>>>

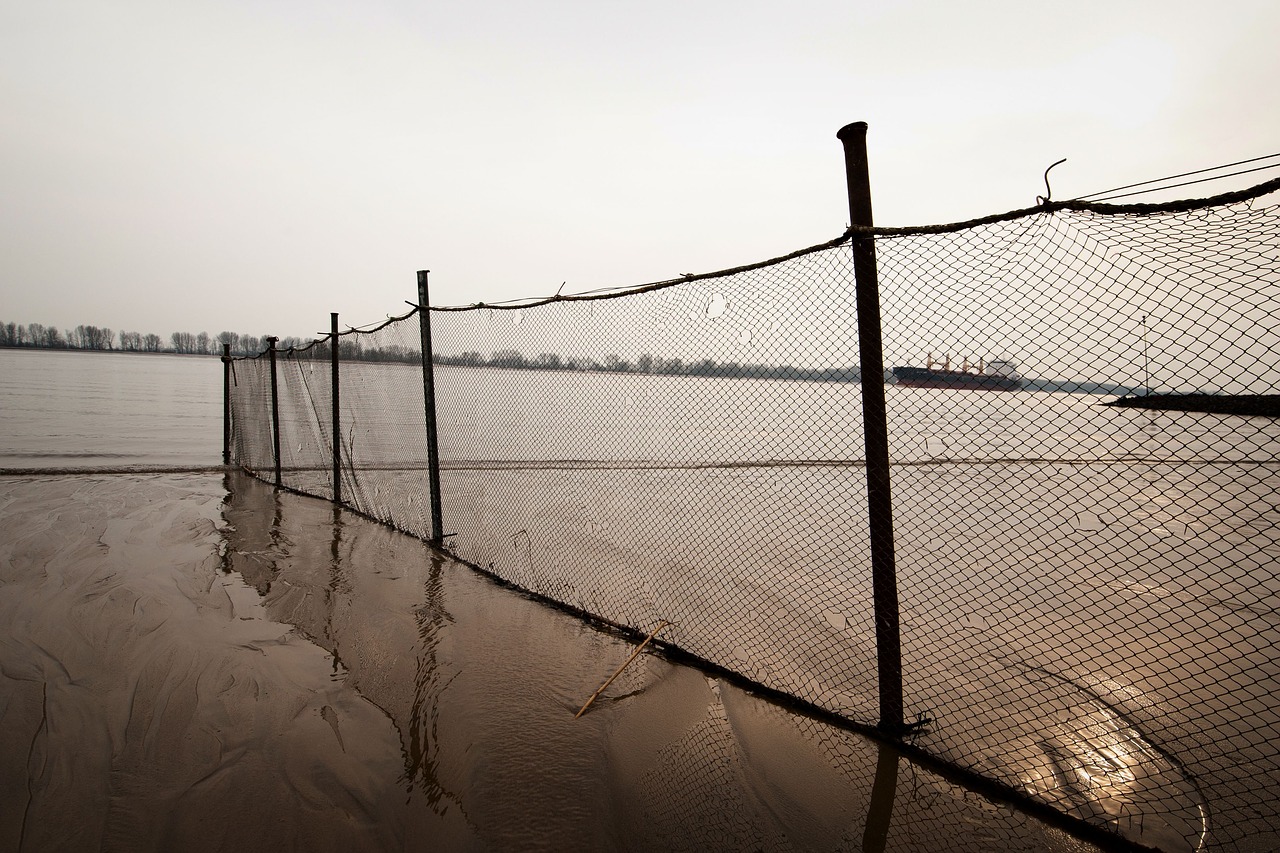 barbed wire  fence  waters free photo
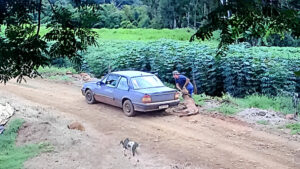 No interior do Paraná, bezerro é furtado de propriedade rural e levado de carro (vídeo)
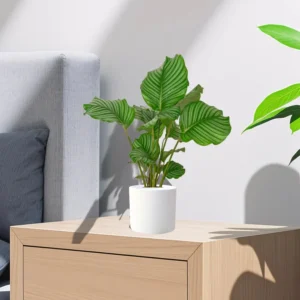 Calathea orbifolia 30-40cm (White Pot)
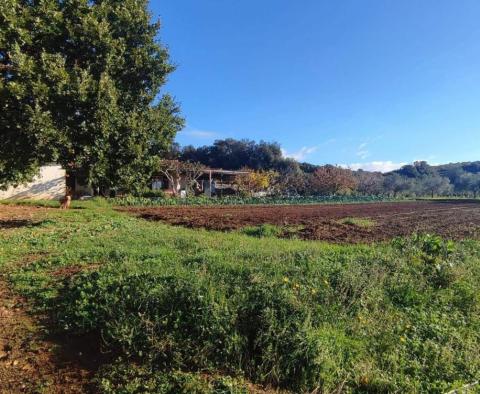 Spacious estate in Rovinj area, walking distance from the sea, on 11000 sq.m. of land - pic 9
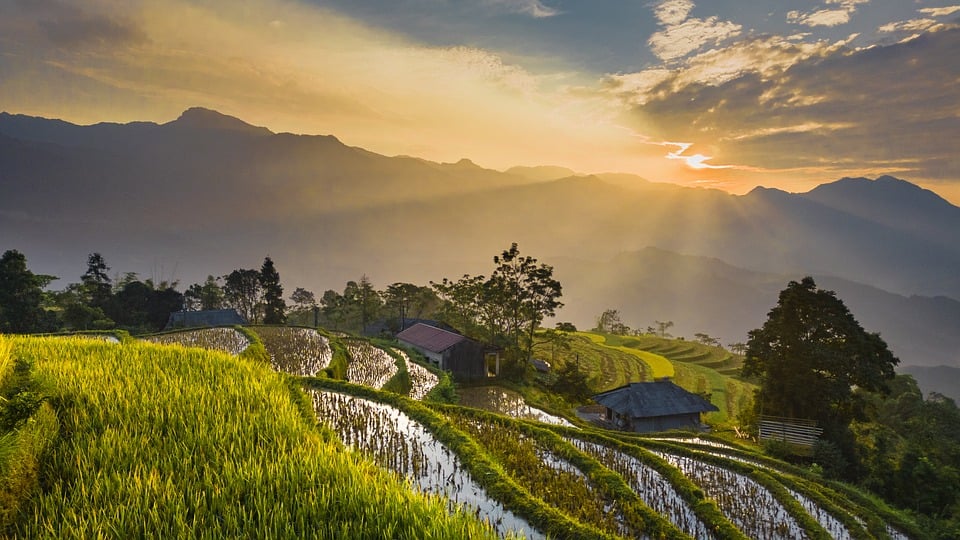 attractive image background natural life style (34)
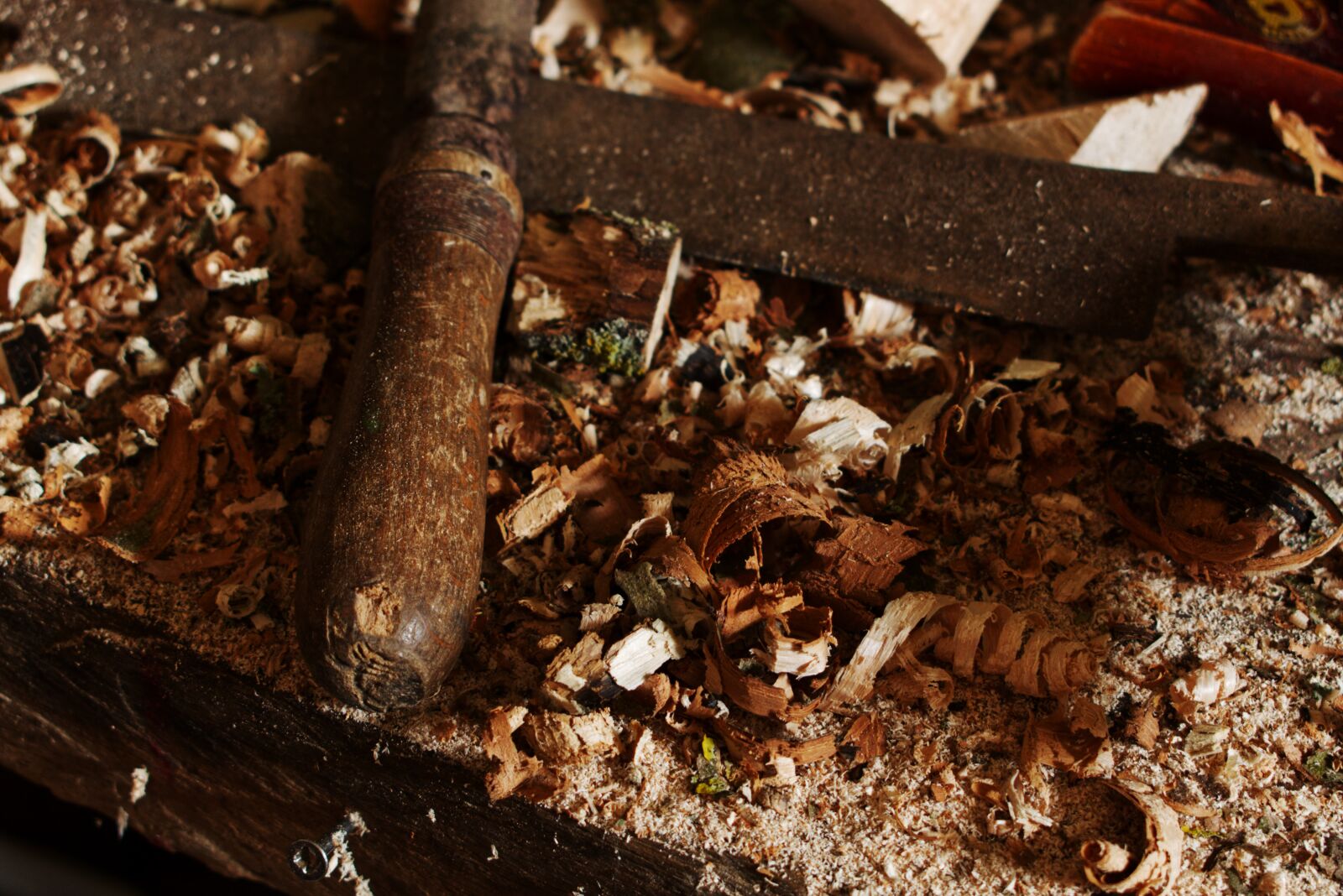 Nikon D3300 sample photo. Work bench, woodworks, wood photography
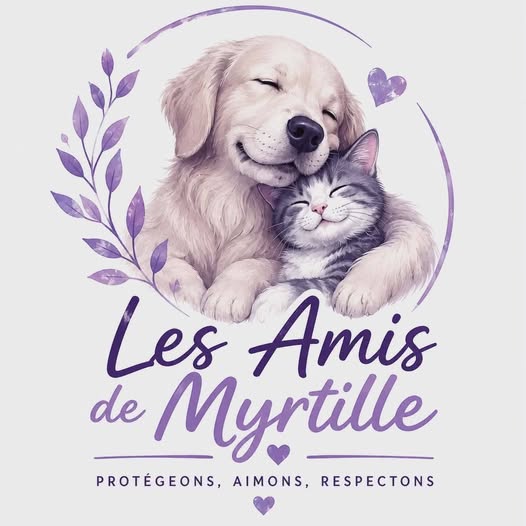 Les Amis de Myrtille
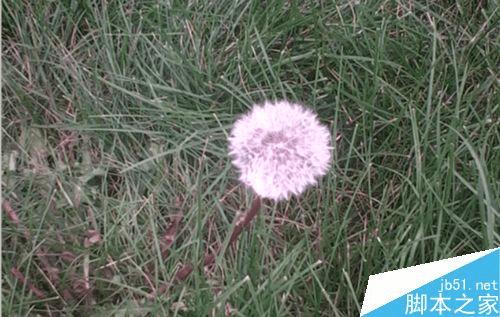 解决PS打开图片后出现报错提示的办法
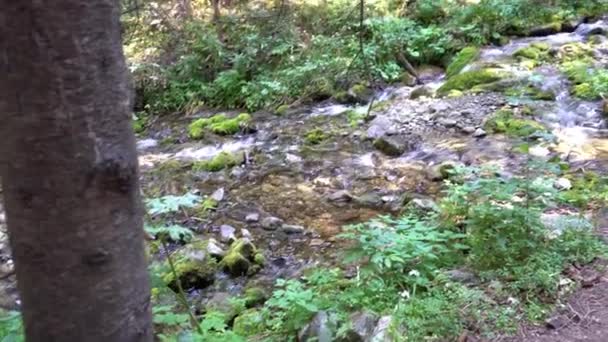 Ein Waldweg entlang eines Gebirgsflusses. — Stockvideo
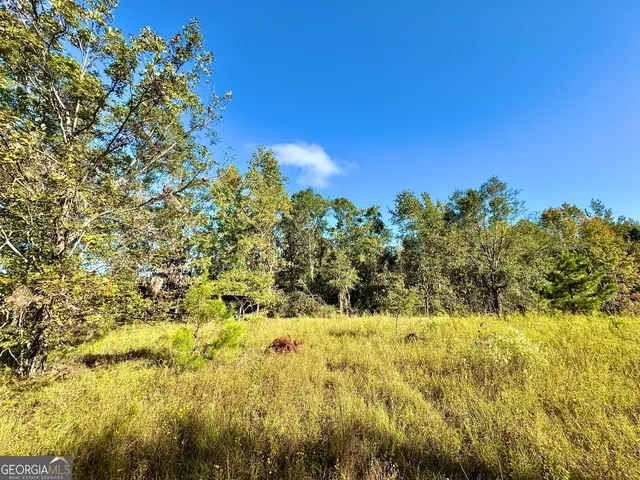 a view of a yard with a tree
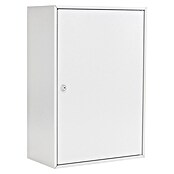 Rottner Schlüsselschrank S 300 (Lichtgrau, L x B x H: 205 x 380 x 550 mm) | BAUHAUS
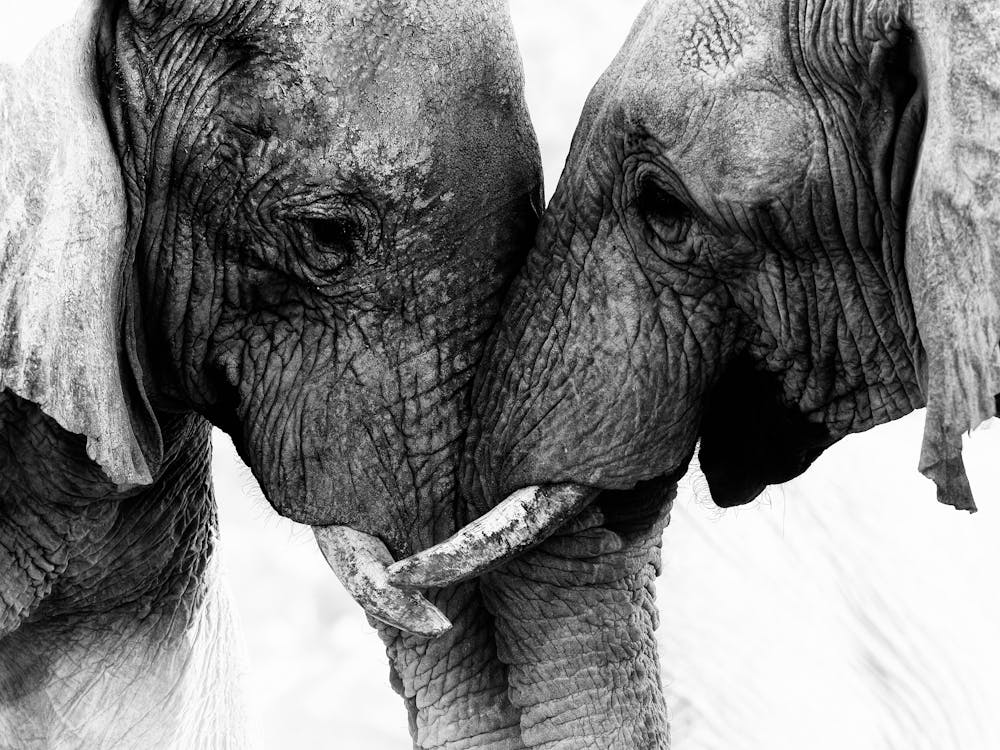 Two Elephants Kissing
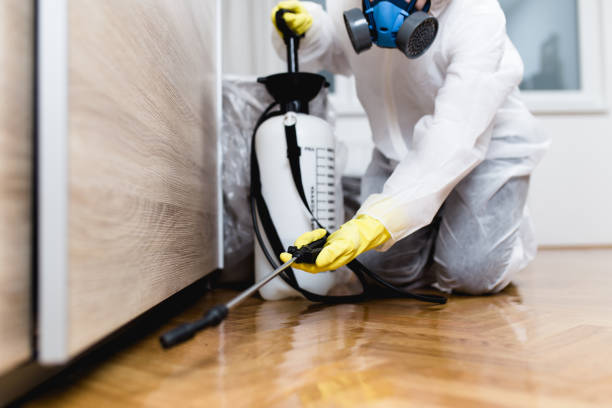 Best Pest Inspection Near Me  in Red Boiling Springs, TN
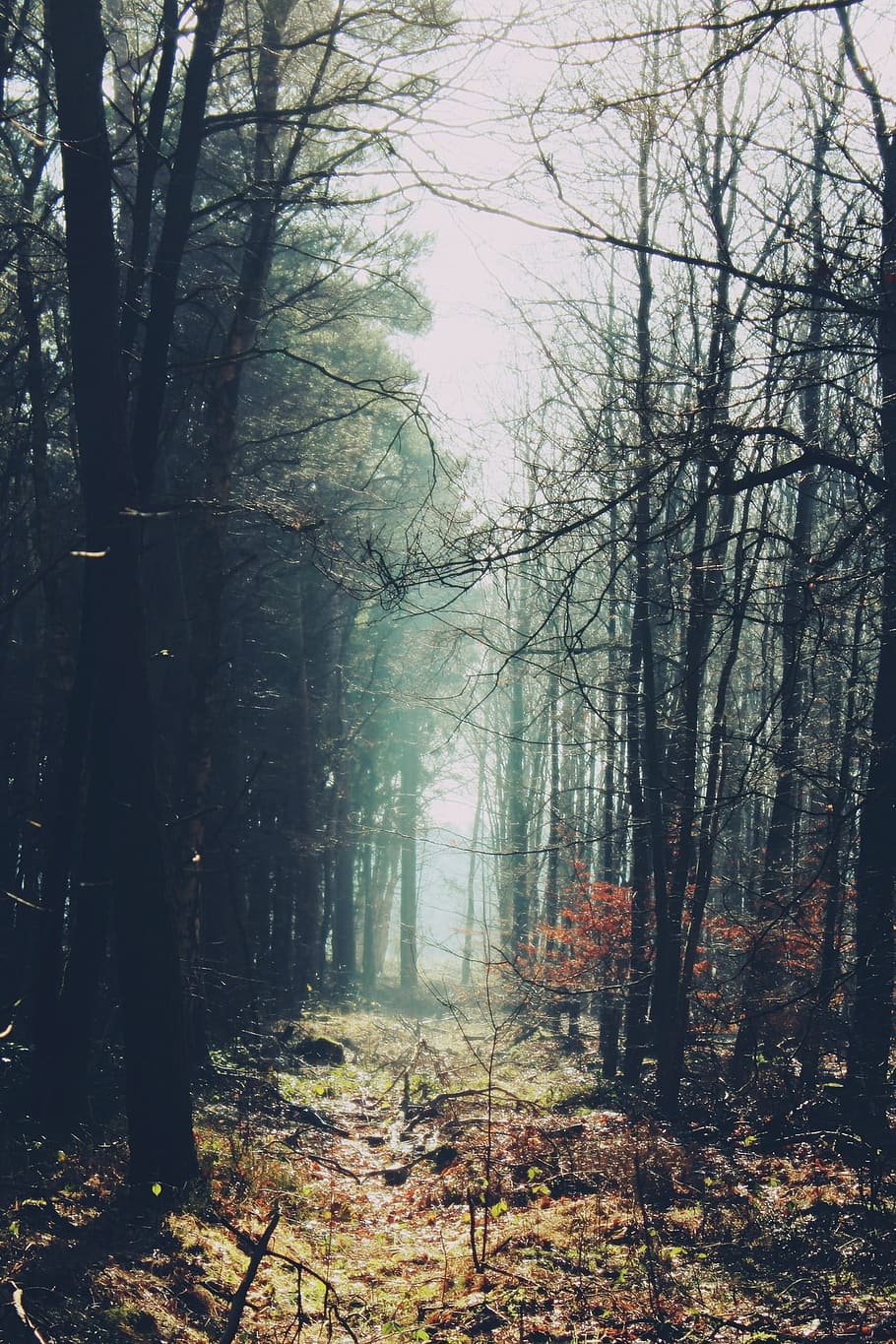 photography of forest during daytime, trees, nature, landscape HD wallpaper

<<<

» What to produce: All lines between the one that contains "No interior do" and the end of the records above, both included, are to be returned exactly as they stand, except for pictures, which are omitted.

» Solution for this exercise:
 No interior do Paraná, bezerro é furtado de propriedade rural e levado de carro (vídeo)
 Calathea orbifolia 30-40cm (White Pot)
 Spacious estate in Rovinj area, walking distance from the sea, on 11000 sq.m. of land - pic 9
 attractive image background natural life style (34)
 Nikon D3300 sample photo. Work bench, woodworks, wood photography
 Les Amis de Myrtille
 解决PS打开图片后出现报错提示的办法
 Ein Waldweg entlang eines Gebirgsflusses. — Stockvideo
 a view of a yard with a tree
 Rottner Schlüsselschrank S 300 (Lichtgrau, L x B x H: 205 x 380 x 550 mm) | BAUHAUS
 Two Elephants Kissing
 Best Pest Inspection Near Me  in Red Boiling Springs, TN
 photography of forest during daytime, trees, nature, landscape HD wallpaper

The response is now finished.